## Task directions
The response should contain only those lines of the entries below that include the string "Property".

***

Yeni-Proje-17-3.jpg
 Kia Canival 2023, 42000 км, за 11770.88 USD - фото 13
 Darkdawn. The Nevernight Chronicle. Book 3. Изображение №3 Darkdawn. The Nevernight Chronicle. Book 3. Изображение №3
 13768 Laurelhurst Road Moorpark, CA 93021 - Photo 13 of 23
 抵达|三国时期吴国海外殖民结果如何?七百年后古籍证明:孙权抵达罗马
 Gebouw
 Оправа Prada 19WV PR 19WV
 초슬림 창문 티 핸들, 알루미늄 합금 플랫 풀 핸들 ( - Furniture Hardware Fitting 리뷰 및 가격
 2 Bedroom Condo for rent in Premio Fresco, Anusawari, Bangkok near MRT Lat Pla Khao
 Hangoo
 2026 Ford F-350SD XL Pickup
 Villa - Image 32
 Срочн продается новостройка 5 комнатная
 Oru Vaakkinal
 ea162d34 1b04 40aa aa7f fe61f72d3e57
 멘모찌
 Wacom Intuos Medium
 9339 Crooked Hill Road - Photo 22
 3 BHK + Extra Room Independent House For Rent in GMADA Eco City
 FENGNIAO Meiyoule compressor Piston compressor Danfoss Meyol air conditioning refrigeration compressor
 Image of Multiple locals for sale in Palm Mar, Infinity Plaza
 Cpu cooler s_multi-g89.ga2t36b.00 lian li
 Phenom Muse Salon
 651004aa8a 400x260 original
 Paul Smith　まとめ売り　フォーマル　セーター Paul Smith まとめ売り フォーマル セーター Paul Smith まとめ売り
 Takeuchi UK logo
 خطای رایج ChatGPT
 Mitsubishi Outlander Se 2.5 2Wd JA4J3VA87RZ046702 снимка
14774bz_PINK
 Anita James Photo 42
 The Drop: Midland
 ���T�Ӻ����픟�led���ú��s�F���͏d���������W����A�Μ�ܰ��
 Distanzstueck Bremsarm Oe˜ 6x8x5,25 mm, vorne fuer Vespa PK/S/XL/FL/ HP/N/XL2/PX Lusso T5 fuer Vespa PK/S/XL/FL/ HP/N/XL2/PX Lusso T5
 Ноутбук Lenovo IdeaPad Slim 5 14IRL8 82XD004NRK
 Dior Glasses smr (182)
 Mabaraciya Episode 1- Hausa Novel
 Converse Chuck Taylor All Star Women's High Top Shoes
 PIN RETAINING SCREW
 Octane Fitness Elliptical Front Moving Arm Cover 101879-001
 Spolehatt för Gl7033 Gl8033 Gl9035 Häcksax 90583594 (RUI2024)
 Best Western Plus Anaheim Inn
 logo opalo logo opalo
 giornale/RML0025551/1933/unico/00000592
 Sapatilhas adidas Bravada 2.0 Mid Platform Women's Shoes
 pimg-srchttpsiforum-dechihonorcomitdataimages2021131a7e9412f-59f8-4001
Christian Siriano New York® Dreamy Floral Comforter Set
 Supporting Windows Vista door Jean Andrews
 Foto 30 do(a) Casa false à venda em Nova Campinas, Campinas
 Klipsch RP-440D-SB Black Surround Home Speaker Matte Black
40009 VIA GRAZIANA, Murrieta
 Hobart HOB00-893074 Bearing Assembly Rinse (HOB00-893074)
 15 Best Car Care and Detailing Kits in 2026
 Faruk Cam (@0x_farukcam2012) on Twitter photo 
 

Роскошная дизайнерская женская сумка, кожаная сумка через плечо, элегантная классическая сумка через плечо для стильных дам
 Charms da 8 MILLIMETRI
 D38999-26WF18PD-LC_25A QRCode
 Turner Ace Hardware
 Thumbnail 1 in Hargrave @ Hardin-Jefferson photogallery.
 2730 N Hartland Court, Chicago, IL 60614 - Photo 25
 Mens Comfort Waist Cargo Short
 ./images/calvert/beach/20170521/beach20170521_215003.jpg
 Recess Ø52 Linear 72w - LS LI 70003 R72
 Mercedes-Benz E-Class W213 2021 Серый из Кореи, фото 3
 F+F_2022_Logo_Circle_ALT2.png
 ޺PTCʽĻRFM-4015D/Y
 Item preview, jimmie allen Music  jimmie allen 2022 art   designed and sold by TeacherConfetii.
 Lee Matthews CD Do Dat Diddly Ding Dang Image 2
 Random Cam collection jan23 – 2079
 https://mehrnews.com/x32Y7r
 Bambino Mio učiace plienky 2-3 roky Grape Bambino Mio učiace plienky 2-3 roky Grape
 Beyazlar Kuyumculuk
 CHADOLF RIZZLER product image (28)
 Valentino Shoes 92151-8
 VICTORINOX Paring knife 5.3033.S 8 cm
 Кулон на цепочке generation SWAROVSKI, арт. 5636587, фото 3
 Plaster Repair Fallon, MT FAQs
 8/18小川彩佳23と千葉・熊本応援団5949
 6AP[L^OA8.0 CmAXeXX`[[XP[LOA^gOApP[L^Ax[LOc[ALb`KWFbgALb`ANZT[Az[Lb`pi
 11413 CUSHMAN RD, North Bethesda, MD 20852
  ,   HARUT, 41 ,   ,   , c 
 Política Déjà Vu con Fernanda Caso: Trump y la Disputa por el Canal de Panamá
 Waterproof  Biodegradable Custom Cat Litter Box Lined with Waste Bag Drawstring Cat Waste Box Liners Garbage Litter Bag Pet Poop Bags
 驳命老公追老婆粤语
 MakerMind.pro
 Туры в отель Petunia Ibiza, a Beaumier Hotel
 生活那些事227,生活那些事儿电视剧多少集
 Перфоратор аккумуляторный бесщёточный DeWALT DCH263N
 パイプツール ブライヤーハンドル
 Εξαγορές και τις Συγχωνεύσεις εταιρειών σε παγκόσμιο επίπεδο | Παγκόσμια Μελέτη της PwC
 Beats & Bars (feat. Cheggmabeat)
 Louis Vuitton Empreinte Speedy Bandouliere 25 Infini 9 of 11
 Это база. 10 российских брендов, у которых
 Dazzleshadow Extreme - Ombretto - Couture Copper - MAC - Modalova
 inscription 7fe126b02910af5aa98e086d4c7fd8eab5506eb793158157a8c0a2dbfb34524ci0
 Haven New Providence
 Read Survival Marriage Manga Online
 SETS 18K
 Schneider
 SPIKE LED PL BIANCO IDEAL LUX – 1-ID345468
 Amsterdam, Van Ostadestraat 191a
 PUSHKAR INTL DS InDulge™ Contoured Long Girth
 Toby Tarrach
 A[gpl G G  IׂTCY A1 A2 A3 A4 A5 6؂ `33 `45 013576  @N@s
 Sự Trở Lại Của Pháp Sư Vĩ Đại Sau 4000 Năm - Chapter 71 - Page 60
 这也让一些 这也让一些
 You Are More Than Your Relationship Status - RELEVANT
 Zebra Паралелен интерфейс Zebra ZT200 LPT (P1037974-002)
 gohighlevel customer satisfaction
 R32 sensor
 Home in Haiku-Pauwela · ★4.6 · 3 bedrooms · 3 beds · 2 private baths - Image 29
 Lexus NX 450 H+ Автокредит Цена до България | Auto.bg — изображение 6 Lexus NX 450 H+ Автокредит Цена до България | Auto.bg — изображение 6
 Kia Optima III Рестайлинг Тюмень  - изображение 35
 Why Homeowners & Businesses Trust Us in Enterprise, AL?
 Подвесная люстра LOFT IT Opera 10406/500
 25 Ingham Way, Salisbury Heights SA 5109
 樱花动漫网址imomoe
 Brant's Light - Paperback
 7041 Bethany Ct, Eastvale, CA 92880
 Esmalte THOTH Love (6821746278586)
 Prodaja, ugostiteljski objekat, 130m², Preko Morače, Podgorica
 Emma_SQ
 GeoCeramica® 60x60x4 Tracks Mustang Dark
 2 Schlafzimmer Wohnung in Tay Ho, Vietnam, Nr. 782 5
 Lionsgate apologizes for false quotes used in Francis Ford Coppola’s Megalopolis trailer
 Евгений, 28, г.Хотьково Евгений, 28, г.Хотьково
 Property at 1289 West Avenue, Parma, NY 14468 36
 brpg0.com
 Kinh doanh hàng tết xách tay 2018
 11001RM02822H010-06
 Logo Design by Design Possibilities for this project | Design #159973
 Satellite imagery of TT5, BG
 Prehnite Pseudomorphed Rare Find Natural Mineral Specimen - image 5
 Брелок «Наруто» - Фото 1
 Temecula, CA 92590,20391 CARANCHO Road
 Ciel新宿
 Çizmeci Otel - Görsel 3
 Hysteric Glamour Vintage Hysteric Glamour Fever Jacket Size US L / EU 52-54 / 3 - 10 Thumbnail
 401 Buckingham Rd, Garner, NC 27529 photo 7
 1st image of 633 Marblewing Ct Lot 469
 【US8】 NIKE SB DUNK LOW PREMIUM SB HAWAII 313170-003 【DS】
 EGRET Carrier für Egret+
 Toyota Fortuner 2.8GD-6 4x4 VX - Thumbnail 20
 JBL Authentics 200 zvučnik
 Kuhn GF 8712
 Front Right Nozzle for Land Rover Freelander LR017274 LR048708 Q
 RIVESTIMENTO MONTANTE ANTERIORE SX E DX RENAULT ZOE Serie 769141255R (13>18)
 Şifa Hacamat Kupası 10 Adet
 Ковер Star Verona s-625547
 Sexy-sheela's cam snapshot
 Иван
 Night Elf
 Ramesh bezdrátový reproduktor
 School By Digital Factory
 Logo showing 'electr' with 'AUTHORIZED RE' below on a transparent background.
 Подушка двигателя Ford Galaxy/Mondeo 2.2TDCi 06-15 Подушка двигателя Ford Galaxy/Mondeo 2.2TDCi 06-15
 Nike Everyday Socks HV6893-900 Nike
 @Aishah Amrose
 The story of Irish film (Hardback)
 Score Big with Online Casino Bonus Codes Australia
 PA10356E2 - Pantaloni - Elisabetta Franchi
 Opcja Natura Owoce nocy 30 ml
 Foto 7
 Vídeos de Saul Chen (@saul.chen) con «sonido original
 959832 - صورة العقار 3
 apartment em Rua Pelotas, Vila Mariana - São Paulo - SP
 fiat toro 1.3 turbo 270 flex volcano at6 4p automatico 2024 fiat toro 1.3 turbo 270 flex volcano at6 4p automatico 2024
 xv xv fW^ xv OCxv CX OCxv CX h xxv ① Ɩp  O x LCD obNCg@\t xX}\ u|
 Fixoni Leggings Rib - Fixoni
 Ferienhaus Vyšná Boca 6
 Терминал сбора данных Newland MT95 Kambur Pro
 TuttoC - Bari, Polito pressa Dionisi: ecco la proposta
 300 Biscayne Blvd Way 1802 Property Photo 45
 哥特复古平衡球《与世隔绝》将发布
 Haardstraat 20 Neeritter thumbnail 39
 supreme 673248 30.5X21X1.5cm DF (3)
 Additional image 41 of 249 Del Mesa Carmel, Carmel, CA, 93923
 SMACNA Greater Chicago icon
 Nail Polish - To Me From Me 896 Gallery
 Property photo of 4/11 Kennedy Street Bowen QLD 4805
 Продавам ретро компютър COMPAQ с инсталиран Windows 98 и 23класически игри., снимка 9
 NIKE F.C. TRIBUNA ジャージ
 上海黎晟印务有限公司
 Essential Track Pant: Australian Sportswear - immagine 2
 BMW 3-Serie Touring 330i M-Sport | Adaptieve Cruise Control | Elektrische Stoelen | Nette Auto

***

## Solution
 Property at 1289 West Avenue, Parma, NY 14468 36
 300 Biscayne Blvd Way 1802 Property Photo 45
 Property photo of 4/11 Kennedy Street Bowen QLD 4805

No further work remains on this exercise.